Título: Lula dribla campo minado na cúpula
Autor: Denise Chrispim Marin
Fonte: O Estado de São Paulo, 05/11/2005, Nacional, p. A9

Com a liderança desgastada e dividido entre Venezuela e EUA, presidente passa apenas 24 horas na Argentina

O presidente Luiz Inácio Lula da Silva desembarcou ontem em Mar del Plata com a intenção de ter discreta participação na 4.ª Cúpula das Américas. A reunião converteu-se em terreno minado, com o Brasil no meio das trincheiras de dois aliados, a Venezuela e os Estados Unidos. Além disso, a liderança de Lula na América do Sul está desgastada pelos escândalos que corroem seu governo e pela presença de seu companheiro Hugo Chávez, da Venezuela, na região. Lula não foi o último chefe de Estado a desembarcar em Mar del Plata, mas a chancelaria argentina confirmou que ele será o primeiro a deixar o balneário, antes do término da cúpula. Embarcará hoje, às 13h30 (14h30, hora de Brasília). A desculpa foi a necessidade de chegar em Brasília para receber, na Base Aérea, o presidente dos Estados Unidos, George W. Bush. Lula passará exatas 24 horas na Argentina - período no qual não manterá nenhum encontro reservado com o anfitrião, o presidente Néstor Kirchner.

Não houve contato de Lula com a imprensa brasileira até o fechamento desta edição. Mas o presidente, demonstrando despojamento, decidiu caminhar os cerca de 200 metros entre o Hotel Hermitage, onde houve a abertura da cúpula, e o Auditório Cidade de Mar del Plata, para apresentação de espetáculo folclórico.

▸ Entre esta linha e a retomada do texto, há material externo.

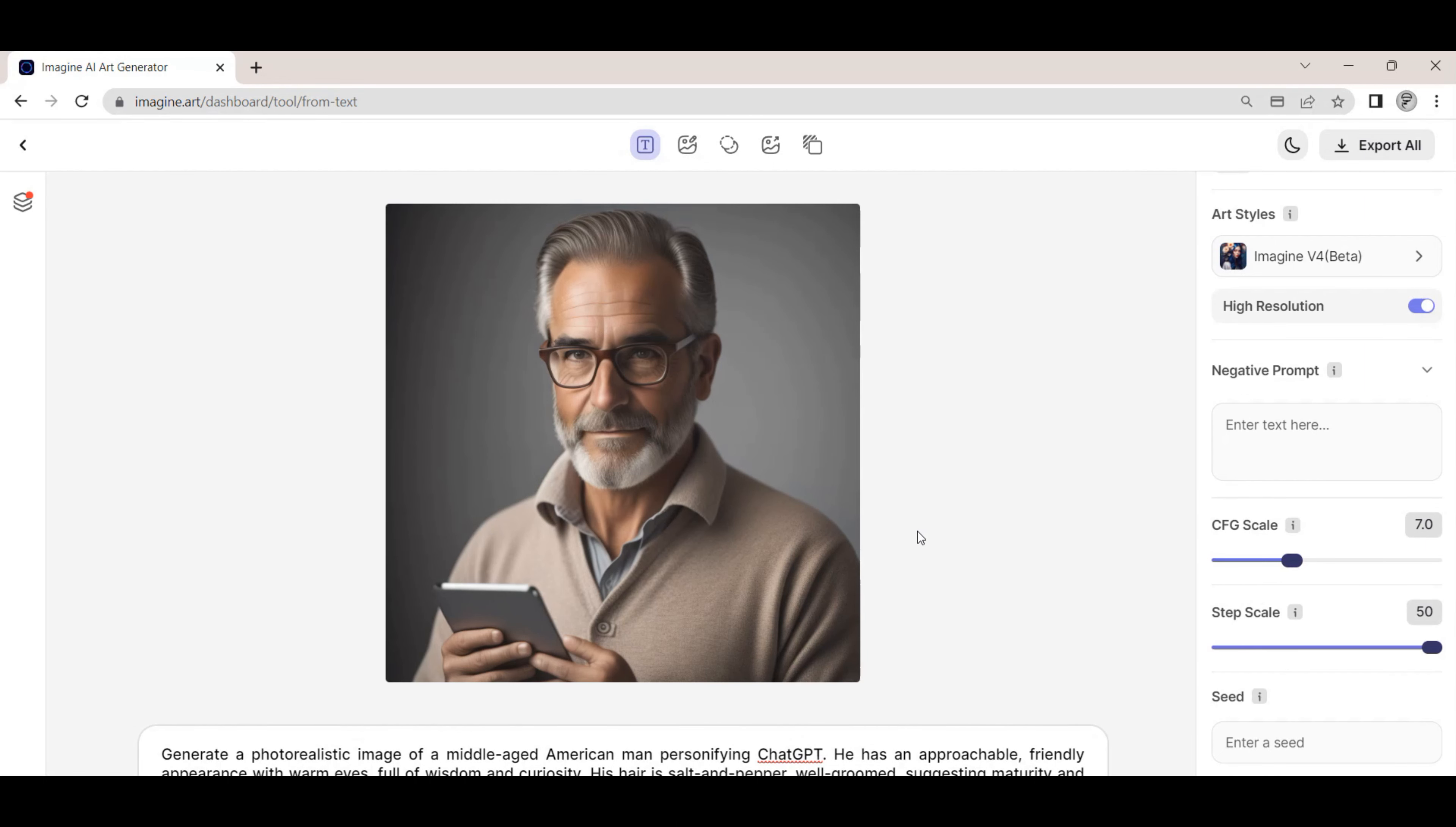The software allows you to provide a negative prompt, which will provide details on what not to include in the generated image. There is also the CFG slider scale which adjusts how much the image will be like the provided prompt. The higher the value gives the AI less room to be creative. The step scale adjusts how many steps are used to generate the image. The more steps the higher the output quality but at the cost of more time to generate.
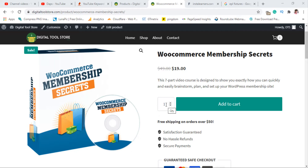So I want to show you in this video how you can remove this quantity feature and just have your add-to-cart button, which makes sense so that people can download your digital product. Okay, so let's get this done.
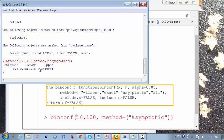You get the confidence interval. First you get the point estimate: 120 out of 400 is 0.3. Then you have a lower bound and upper bound of the confidence interval.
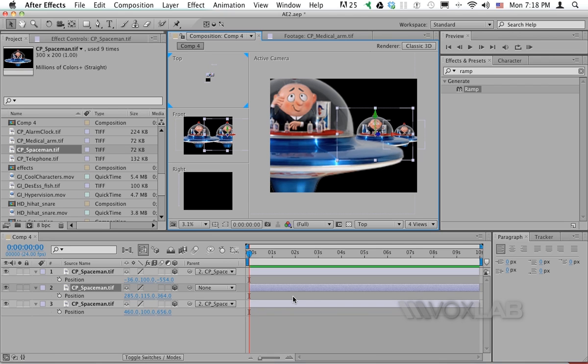This is how to create parallax shift effect in Adobe After Effects CS6.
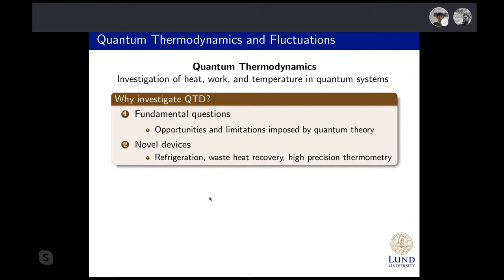On the more practical side, quantum thermodynamics promises novel devices — for instance, for refrigeration, waste heat recovery, or high-precision thermometry.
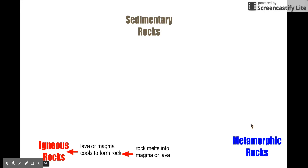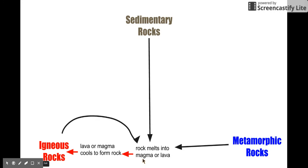Igneous rocks are formed when rocks melt into magma or lava, and then the lava or magma cools to form rock. What kind of rocks could be melted? If you said all of them, you're right. And that is the end of chapter six.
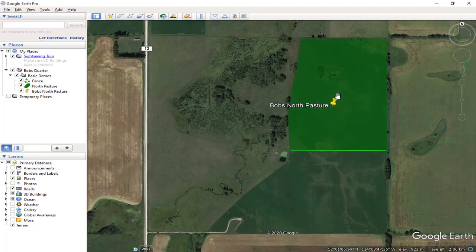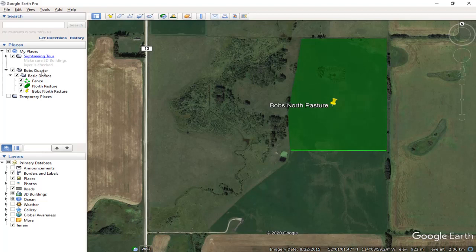Google Earth saves everything automatically in the Places window over here in Google Earth, but it's also a good idea at least once in a while to save the work to your computer just as a backup.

Na agenda de Lula, apenas três encontros bilaterais foram marcados. Ontem, com o presidente do México, Vicente Fox, que pediu seu apoio para que o país possa atuar como observador no Mercosul. Hoje, com o presidente equatoriano, Alfredo Palácio, e com o primeiro-ministro do Canadá, Paul Martin. O encontro com líderes da Organização Regional Interamericana de Trabalhadores - seu único contato com a Cúpula dos Povos, ou contracúpula, que acontece em paralelo - não foi confirmado.

Lula falaria nas três sessões de trabalho, todas focadas na geração de trabalho decente e nos seus efeitos sobre a redução da pobreza e na governabilidade democrática. Porém, tenderia a desviar dos temas explosivos, como os debates sobre a Área de Livre Comércio das Américas (Alca). Para tal, deixou ontem o chanceler, Celso Amorim, à vontade para dar os recados de seu governo. Os negociadores brasileiros continuavam a defender as teses oficiais nas discussões travadas em paralelo à abertura da cúpula. Dessa forma, Lula não só desvencilhou-se de possíveis desgastes com seus colegas presidentes, especialmente com seu convidado de amanhã, Bush. Também evitou possíveis problemas com os manifestantes, comandados pelo ex-craque Maradona, que gritavam jargões contra essas negociações e o imperialismo americano.